> Requirement:
What you return must match the records word for word, except that pictures are dropped.

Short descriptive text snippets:

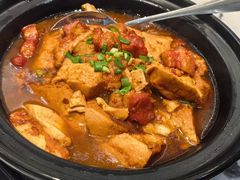 -绿江春(长江街店)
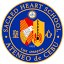shs-adc.edu.ph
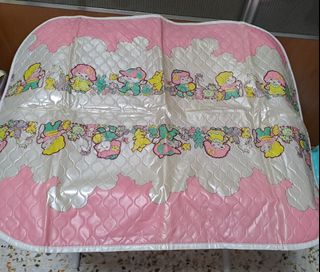 (Category: ) located in . Submitted by goat6pig (Listing ID 1440315785, Image 1). Description: .
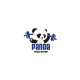 PANDA FITNESS DISPORT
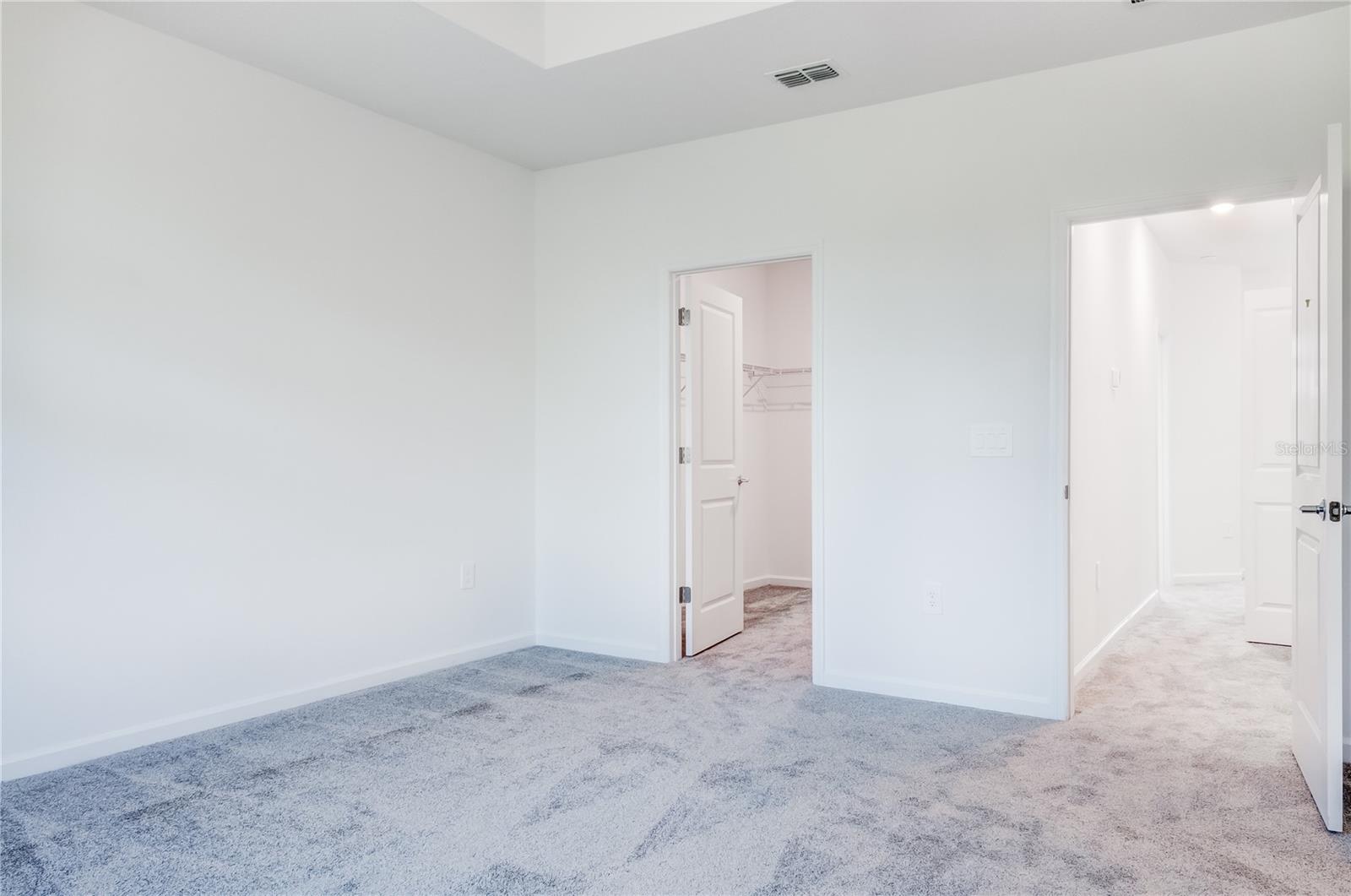 Image 18 of 32 For 2344 Brook Marsh Loop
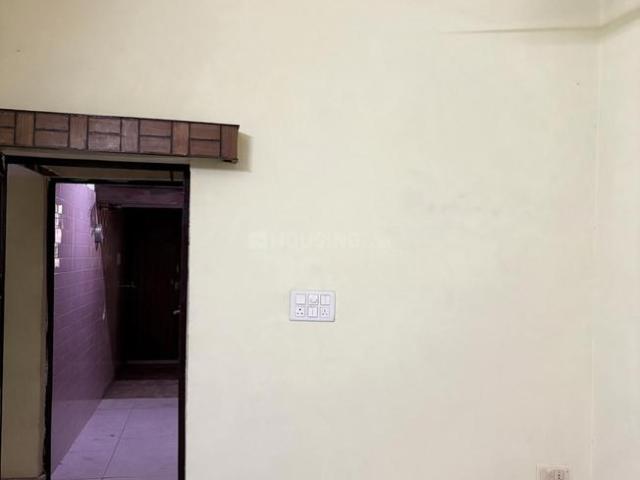 Flat for rent in North West Delhi, Deri
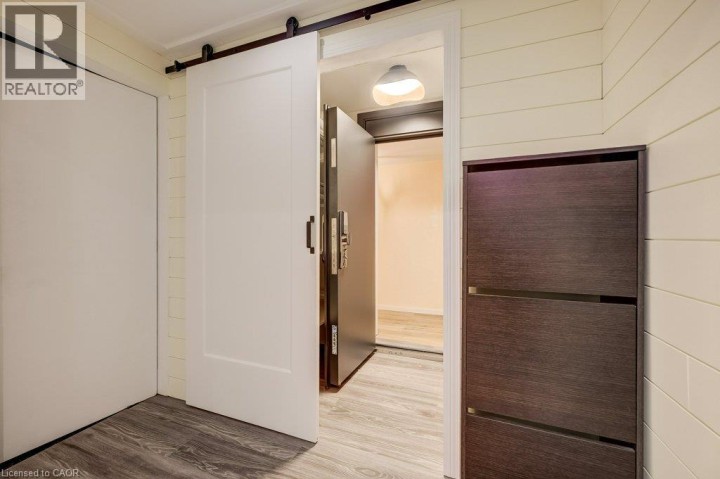 Photo 40 at 16 Irongate Drive, Innerkip (Victoria Park), Woodstock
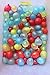 Tiny Balier Water Balloons 12 Pack 440 Balloons Easy Quick Fill for Splash Fun Kids and Adults Party Pool with in 60 Seconds k2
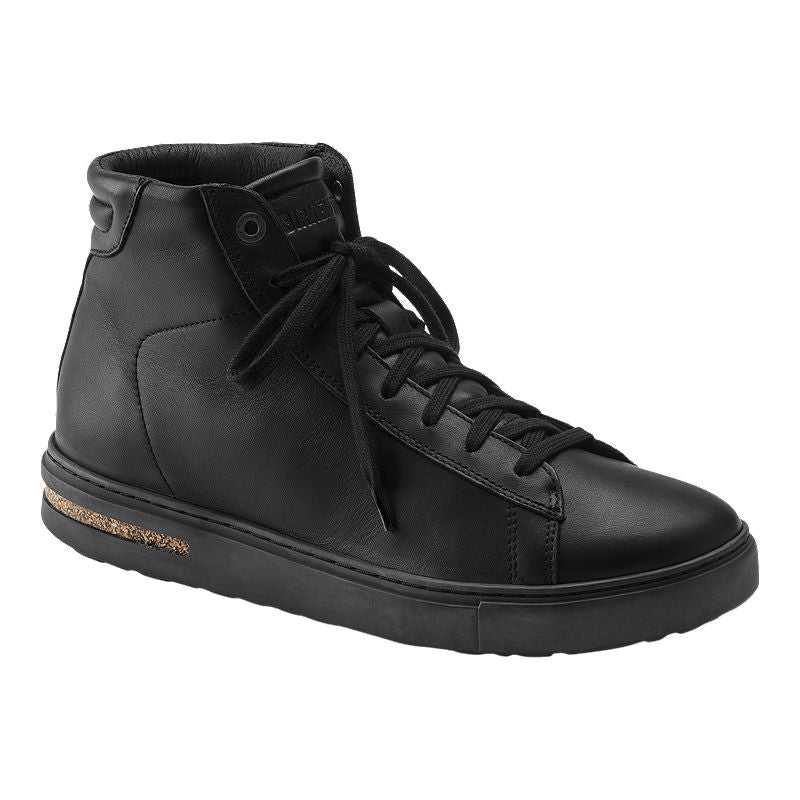 Black-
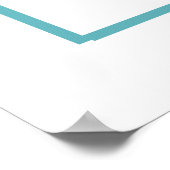 Myasthenia Gravis Poster (Hoek)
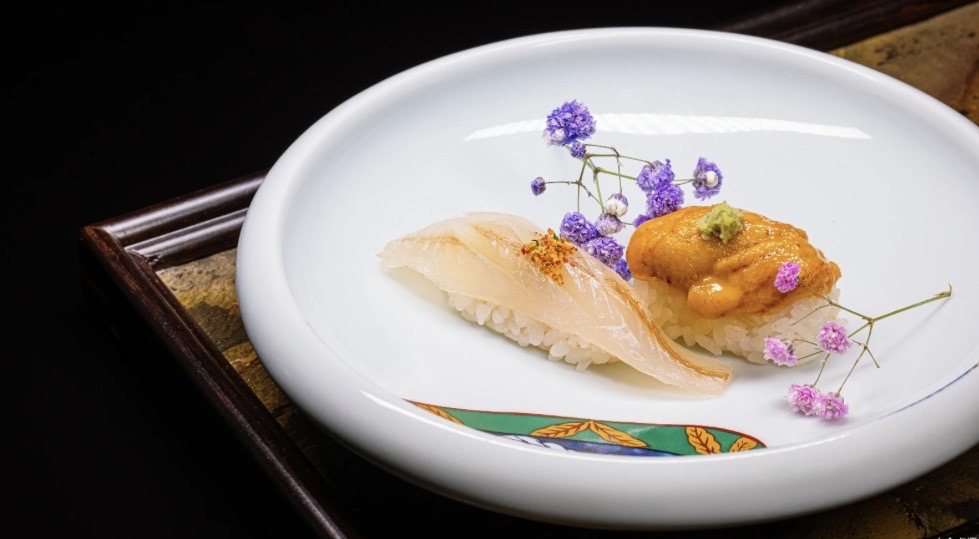 中村屋寿司割烹餐厅、菜单、团购 - 上海 - 订餐小秘书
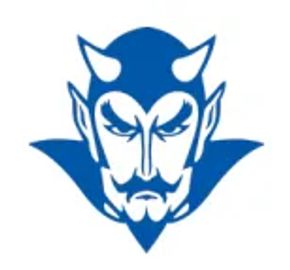 2025 Campaign is now Closed!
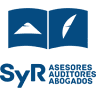 SyR Asesores SLP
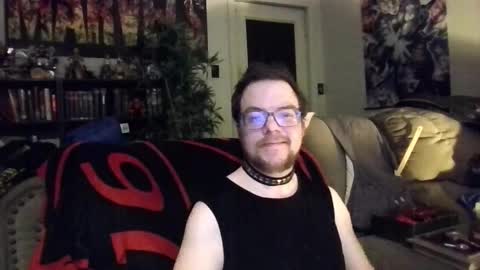 Matt online show from December 2025 06:41:01 AM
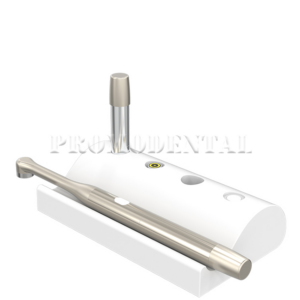 lampe—polym-riser-nano-8933 lampe—polym-riser-nano-8933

> Answer section:
 -绿江春(长江街店)
shs-adc.edu.ph
 (Category: ) located in . Submitted by goat6pig (Listing ID 1440315785, Image 1). Description: .
 PANDA FITNESS DISPORT
 Image 18 of 32 For 2344 Brook Marsh Loop
 Flat for rent in North West Delhi, Deri
 Photo 40 at 16 Irongate Drive, Innerkip (Victoria Park), Woodstock
 Tiny Balier Water Balloons 12 Pack 440 Balloons Easy Quick Fill for Splash Fun Kids and Adults Party Pool with in 60 Seconds k2
 Black-
 Myasthenia Gravis Poster (Hoek)
 中村屋寿司割烹餐厅、菜单、团购 - 上海 - 订餐小秘书
 2025 Campaign is now Closed!
 SyR Asesores SLP
 Matt online show from December 2025 06:41:01 AM
 lampe—polym-riser-nano-8933 lampe—polym-riser-nano-8933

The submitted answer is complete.